1924 plante Mustafa Kemal, Mossul zu besetzen und die Briten aus dem Gebiet zu vertreiben. Die Griechen, die von den Briten unterstützt wurden, flohen aus Anatolien und ließen 150–200.000 Soldaten und 70 % ihrer Waffen zurück. Die Regierung David Lloyd George musste wegen der Chanakkrise in Großbritannien zurücktreten, allerdings unterließ die Türkei nach eindringlichen Drohungen der Briten eine Invasion, zugleich brachte die nationalistische Politik der Türkei die Minderheiten in Anatolien dazu, Aufstände zu organisieren, erst den Nestorianer-Aufstand, dann den Scheich-Said-Aufstand. Mustafa Kemal erkannte angesichts der Umstände im eigenen Land und der britischen Übermacht mit 140.000 Soldaten im Irak, dass seine erschöpften Truppen kaum eine Chance haben würden.
Aufgrund dieser Hindernisse musste die Türkei die Rolle des Völkerbundes akzeptieren.
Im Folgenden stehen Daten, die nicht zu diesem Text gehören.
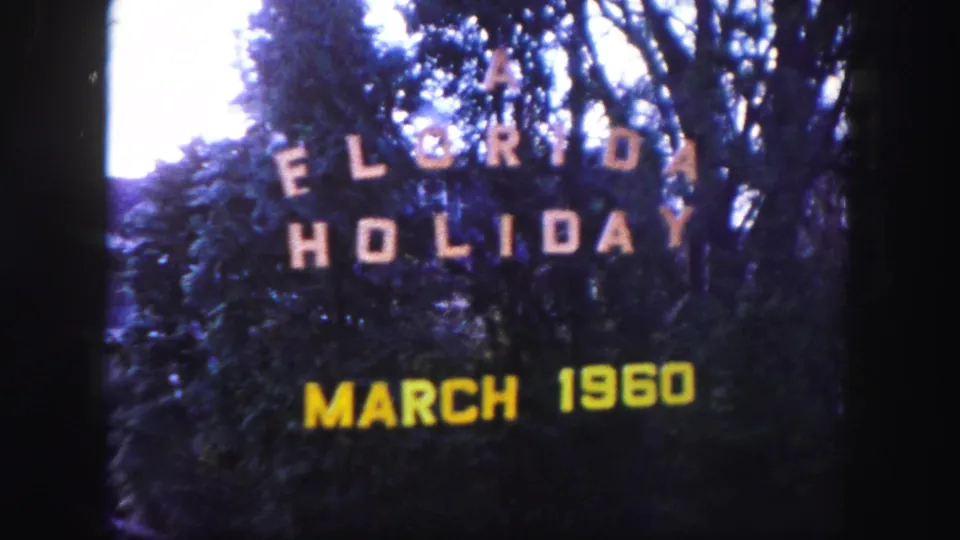 End of the short 1960 Florida title-card shot, showing yellow date text beneath white holiday lettering.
Der nahm sich des Themas im September 1924 an. Die Türkei schlug ein Plebiszit in den Regionen Mossul und Sulaimaniyya vor. Dies lehnte Großbritannien ab. Der Völkerbund richtete eine Kommission ein, die sich mit dem Thema befasste. Die Untersuchungskommission legte ihren Bericht im September 1925 vor.[5] Die Kommission stellte darin fest, dass die Bevölkerung Mossuls keiner Seite beitreten und unabhängig sein wolle.[6] Trotz dieser Erkenntnisse machte die Untersuchungskommission folgende Vorschläge:
Die Versammlung des Völkerbundes akzeptierte den Vorschlag der Kommission. Diese Entscheidung führte in der Türkei zu Protesten. Dies ging so weit, dass zwischen der Türkei und Großbritannien Kriegsstimmung herrschte.
Doch dank Atatürks realistischer Einschätzung beruhigte sich die Lage, denn das Land hatte erst vor kurzem im Krieg gestanden, und die daraus entstandenen wirtschaftlichen und sozialen Probleme mussten erst gelöst werden. Außerdem hatte die Türkei innere und äußere Probleme.
Die äußeren Probleme waren, dass europäisch-christliche Staaten die Verhandlungen um Mossul leiteten. Dies isolierte die Türkei. So unterschrieb die Türkei mit der Sowjetunion in Paris einen Nichtangriffspakt. Ziel war, Verbündete zu finden. Die inneren Probleme waren Aufstände, die durch die Briten organisiert wurden. Deshalb akzeptierte die Türkei die Entscheidung des Völkerbundes und unterzeichnete am 5. Juni 1926 in Ankara mit Großbritannien einen Vertrag,[7] der die Türkisch-Irakische Grenze regelte und die Mossul-Frage beendete.
Trotz der Übereinkunft von 1926 in der Mossulangelegenheit normalisierten sich die türkisch-britischen Beziehungen nicht. Die Türkei fühlte sich um den ihrer Meinung nach bestehenden Herrschaftsanspruch betrogen. Darüber hinaus verlor sie durch den von ihr eingeführten türkischen Nationalismus, den sie konsequent allen muslimischen Bevölkerungsgruppen aufzwang, und die Unterdrückung der christlichen Minderheiten endgültig jede Unterstützung der assyrischen und kurdischen Bevölkerung in der Mossul-Region.
Endlich besuchte 1929 die Mittelmeerflotte der Briten İstanbul. Dieser Besuch war der erste Schritt, um die türkisch-britischen Beziehungen voranzubringen. Admiral Field ging nach Ankara, um dort mit Atatürk und anderen wichtigen Politikern zusammenzukommen, und weichte so die verhärteten Beziehungen auf. Kurz nach diesem Besuch kam auch der Vizeaußenminister der Sowjetunion, Lew Karachan, nach Ankara, weil die Sowjetunion wegen der Annäherung zwischen der Türkei und Großbritannien beunruhigt war.